For the first time, after two town hall meetings were held earlier this year seeking input from residents and several months of review by the village’s Economic Development Commission, Worth Village officials presented a long-awaited Transit-Oriented Development (TOD) Master Plan at the Nov. 1 board meeting.
Created by the Chicago-based Farr Associates Planning Group and partly financed with a $75,000 grant from the Regional Transportation Association (RTA), the plan’s core was centralized on the area surrounding the Metra station on Depot Street.
Mayor Mary Werner presented the plan for discussion, seeking approval to move forward with preparation of an ordinance accepting the plan, but it was not an easy sell.
After a lively, and at times heated, discussion on the pros and cons of the plan, it appeared that the trustees were not going to reach a consensus. However, after Village Attorney Greg Jones reassured them that the Master Plan is not a binding document but is basically a guideline for future development, the trustees agreed to move forward with preparation of the ordinance.
Trustee Colleen McElroy, board liaison to the Economic Development commission, agreed with the attorney’s statement that the Master Plan is to be seen as a guide.
“This was originally a long-range plan for the Metra station area, not for the whole village. The concept was to increase ridership by attracting young people to the TOD mixed-use development, where they could have an apartment, walk to the train, shop and dine, etc. The idea was to create a place,” she said.
“They lost me at the public hearings when they talked about apartments,” responded Trustee Pete Kats. “If this plan is for apartments, I am dead set against it.

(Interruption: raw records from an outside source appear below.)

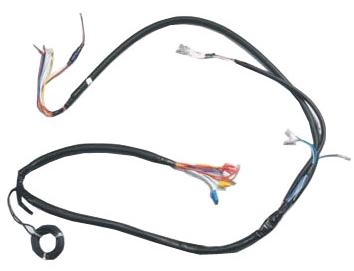 Home appliance wiring harness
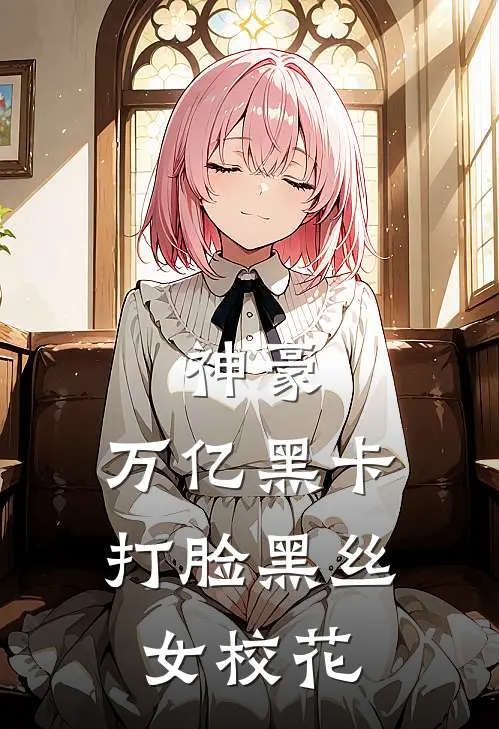 神豪：万亿黑卡打脸黑丝女校花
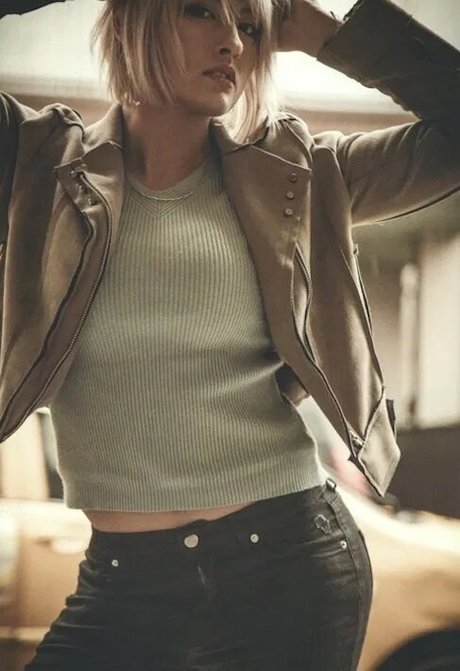 blonde babe onlyfans beautiful archive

I don’t want this board to be stating we are for apartments.”
His statement was in reference to conversations circulating through the village that a four-story building with retail space on the first floor and apartments on the remaining floors was to be located on the current site of the Marrs-Meyer American Legion Post.
“It is not a perfect plan,” said McElroy. “I think we learned some things about our zoning that we are working on, but it was never the intention to get rid of, or relocate, the American Legion building. That idea has caused a huge buzz.”
Trustee Kevin Ryan said, “People said they wanted a change, but when they were presented with change, they said they didn’t want it. But this is just a plan and we have to start somewhere.”
Ryan also suggested that the board consider bringing someone on staff, experienced in economic development and who could attract developers who would be willing and able to fund a development project.
“I hope our residents come and talk about this with the mayor at her Saturday Coffees,” said McElroy. “The town is not ready for change.”
Werner reiterated that the proposed Master Plan is a starting point.
“We are land-locked, but we can do infilling to improve our village. We can start on improving 111th Street,” said the mayor. “We have recently had some businesses come to us with plans for improving the exteriors of their buildings. This is a long-range plan.”
In other matters, the board approved a waiver of conflict of Interest that will allow Village Attorney Greg Jones to act on behalf of the village regarding a lease of property from the Metropolitan Water Reclamation District to the Worth Park District.
The waiver was necessary as Jones’ firm, Ancel Glink, is also the legal firm representing the park district, with another attorney handling the account.
Also approved was an ordinance amending the Worth Municipal Code to adopt the 2017 Chicago Electrical Code.
A schedule of the Worth Board meetings for the calendar year 2017 was also approved.